**DESCRIPTION OF THE TASK:**
Quote the lines of the data below verbatim, beginning at the line that contains "Koberce Dekoratívny koberec" and ending at the last line, both included, and excluding pictures.

::: INFORMATION SHOWN

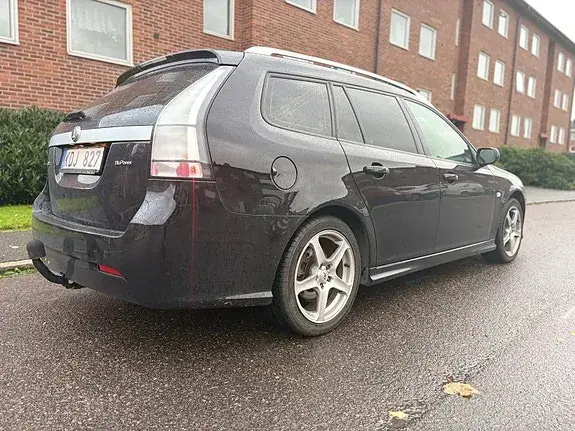 Saab 9-3 2011 photo 5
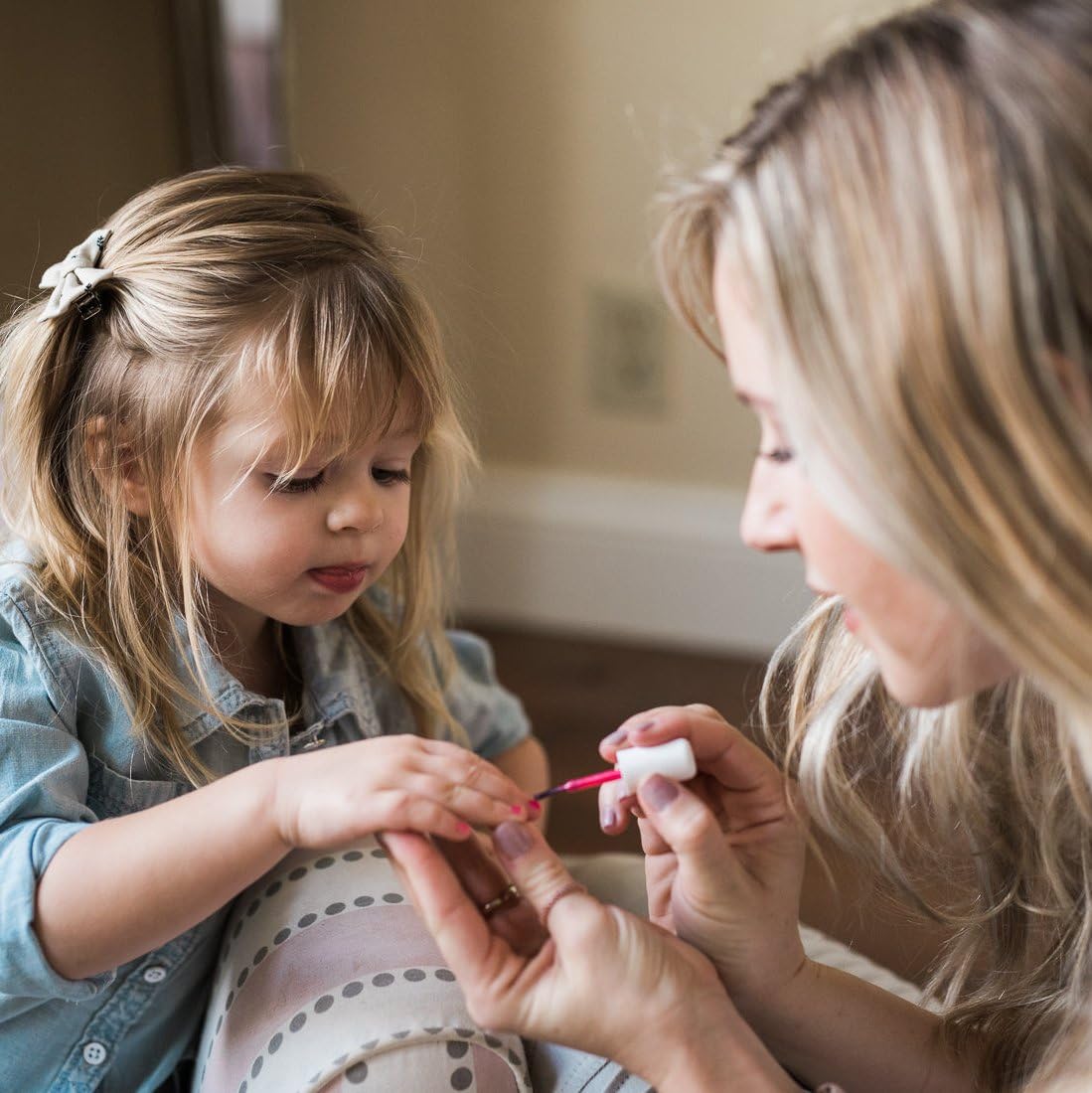 Piggy Paint odorless nail polish closeup highlights a gentle, low-odor experience for kids.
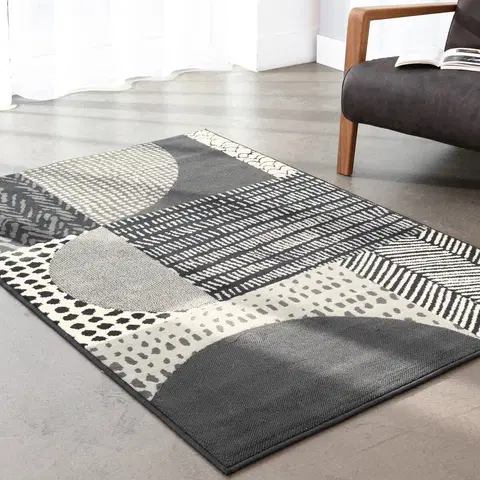 Koberce Dekoratívny koberec s geometrickým vzorom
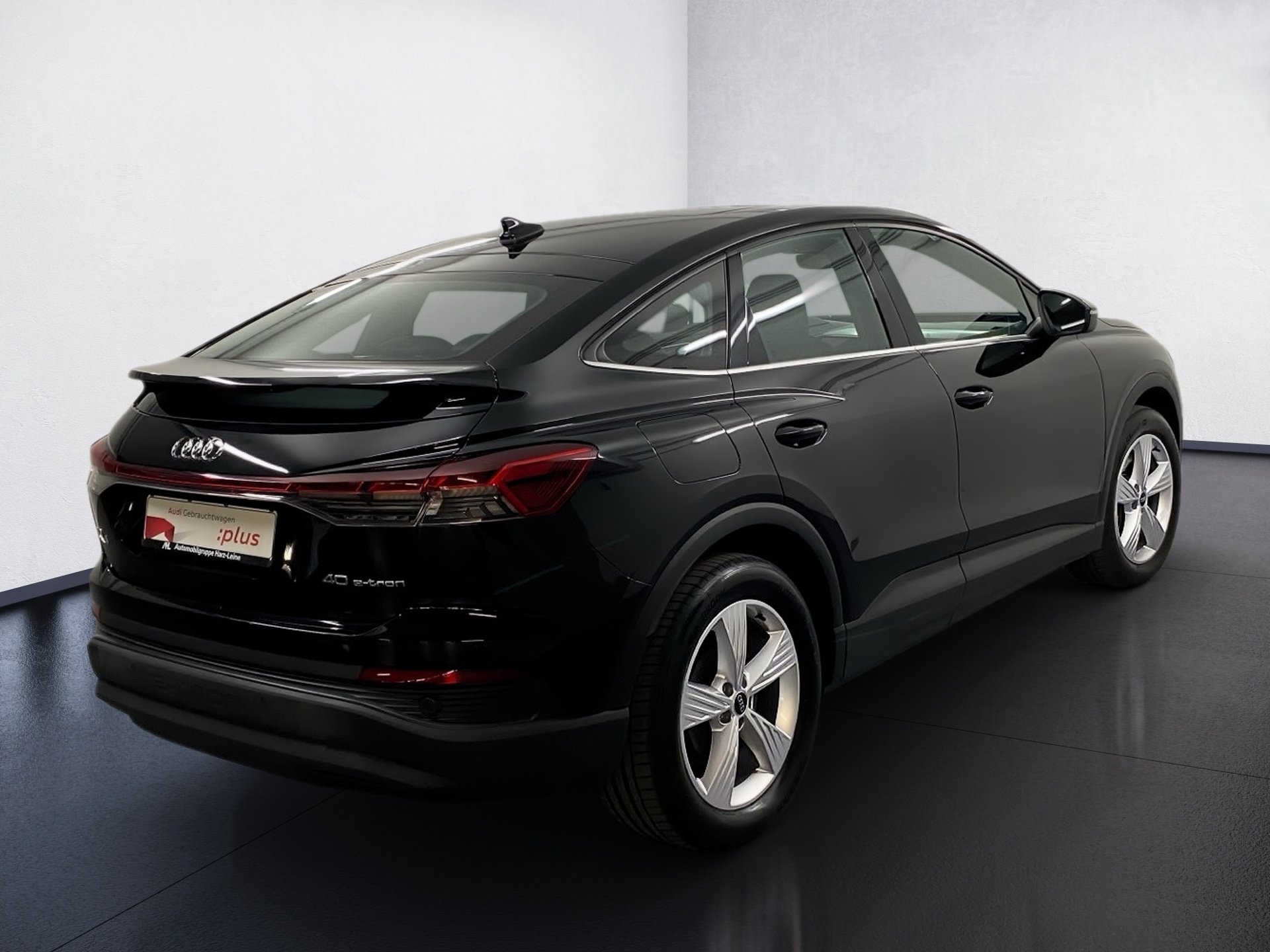 Q4 Sportback e-tron 40 Panoramadach Matrix MMI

::::::

**WRITTEN SOLUTION:**
 Koberce Dekoratívny koberec s geometrickým vzorom
 Q4 Sportback e-tron 40 Panoramadach Matrix MMI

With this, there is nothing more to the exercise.